Life Whispers

Updated: Aug 11, 2020

You may have heard people say that when life whispers to you, listen. While we cannot control every aspect of our life, there are signals and signs that are being given to us along the way.


I have to be careful because I could easily go down a guilt-ridden path if I think about any whisper or sign I may have missed that might have told me something was wrong in my family. But I also want to honestly reflect and learn, maybe even remember something and gain some insights or knowledge that I can pass along to others.

Were there any whispers that I ignored? Signs that were there but I was too busy or oblivious to see?


Yes. I think so.

Remember when I wrote about how I felt a sense of relief when we found out? How, in that same moment that I felt the sharp pains of shock and trauma, I also felt washed over with relief. Relief because I now knew what was troubling my daughter. (See "Silver Linings and Lemonade" post)

I also felt relief because it shed light on some situations I had always found puzzling.


For example, when my daughter was in middle school, I had a friend over visiting and she had commented that she saw my daughter’s profile on Facebook. Huh? She was not 13 at the time (which I think was, and still is, the minimum age to set up an account). I felt confused because my daughter had always been the ‘rule follower’, the person who colored inside the lines, someone who was uncomfortable with lying and hiding. And I say this knowing that there are so many parents who feel this way about their children and what I’m saying may be taken as “Well, don’t we all think that way about our kids?”.


All I can say is, like many mothers, I had feelings and “insights” into the kind of person I saw her as. There were behaviors and personality traits that I had been witness to since she was a baby. And for me, as the mother of more than one child, I felt that I could often see which one of them was the adventurous one, which one was athletically gifted, which one was curious and questioned everything, and so forth. I think as a parent, or for those who have experience being around or working with children, you see these things in them at very early age. And for me, even as a young child, my daughter exhibited the qualities of carefulness, trustworthiness, sincerity, and self-discipline.

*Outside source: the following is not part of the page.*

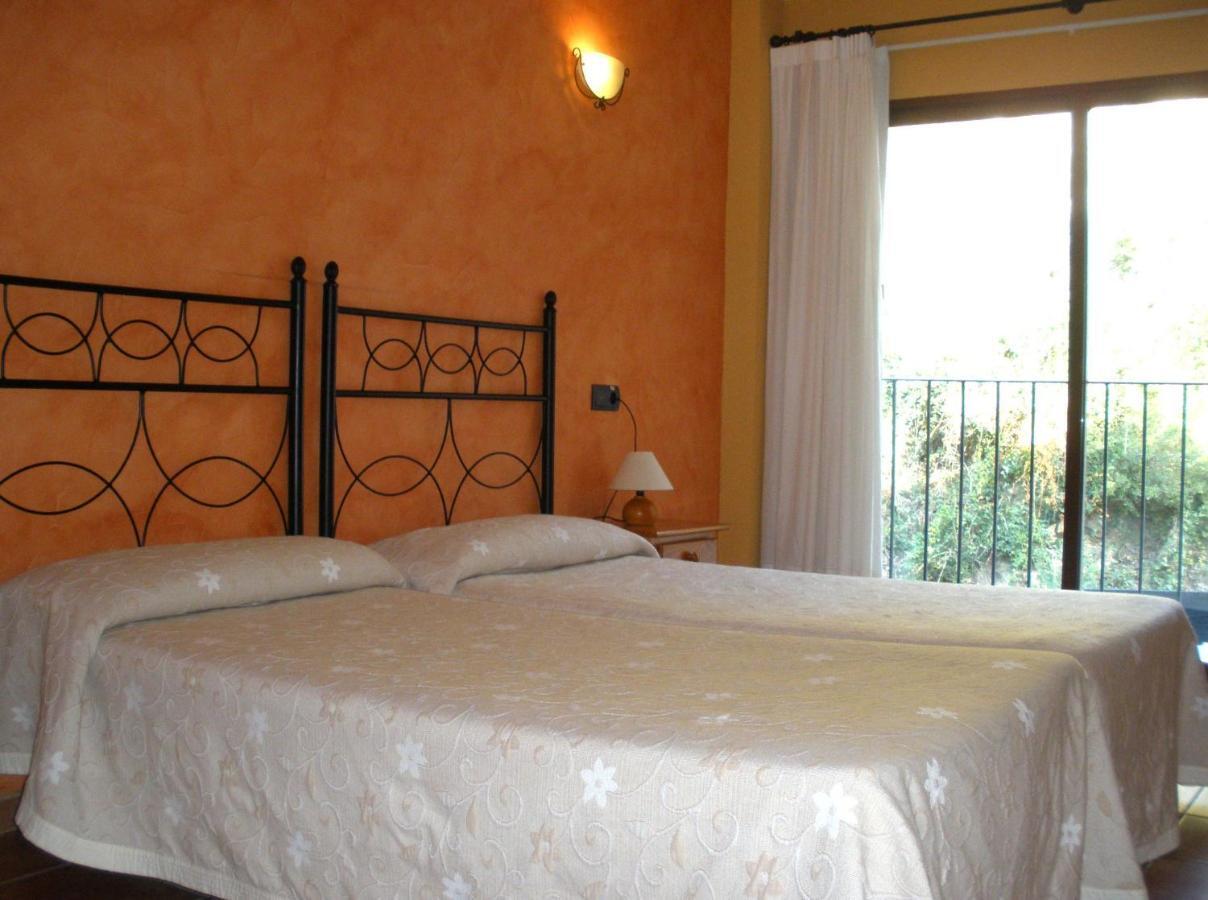 Hotel Restaurante Vinas Viejas Fuentes de Ayódar Esterno foto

So some of the behaviors felt surprising and in all honesty, caught me off guard.

That was a whisper.


And I realize it’s a big leap to make a connection between unexpected behaviors and sexual abuse (especially when we are talking about tweens and teens). But, if I were to go back, I think I would handle that situation (and subsequent others) a little differently. There were other, future situations where her behavior really threw me for a loop. Without going into the details, there was an incident in high school that left me baffled. I remember asking myself at that time, “Who is she?” I recall even asking her, "Who are you?" I could not understand the situation we were in, nor her reaction to it. But at that time, as many parents may find themselves doing, I felt confused and somewhat helpless, and chalked it up to teenage rebellion (even though there was a nagging voice in my head that continued to question it all).


That was another whisper.

So how would I handle that situation now? Well, perhaps I’d change the way I reacted by instead saying something like, “This seems so out of character for you ... because you have always valued truth and honesty. Is there something you want to talk about? Are you ok? Is there something going on at school or with your friends? Has something happened even in our family? Whatever it is, I'm here for you.”


Of course, I know that last question seems so obvious now and that when looking back on any given situation the lens we have today offers so much more clarity. So what I will say to you is that if/when you do see someone you love acting in ways that seem out of character, listen to your gut. Listen to those whispers. Find a way to more deeply inquire, to ask if everything is ok. And perhaps even add questions about abuse or harm being done to your loved one. I mean, we ask about friends bullying them, don't we? We even ask if they might be doing drugs. Sex abuse and incest are not things any of us want to even entertain the idea of, but maybe if we start to actively consider that as a possibility of what our children our dealing with, then maybe, just maybe, we can root out incest and sexual abuse sooner.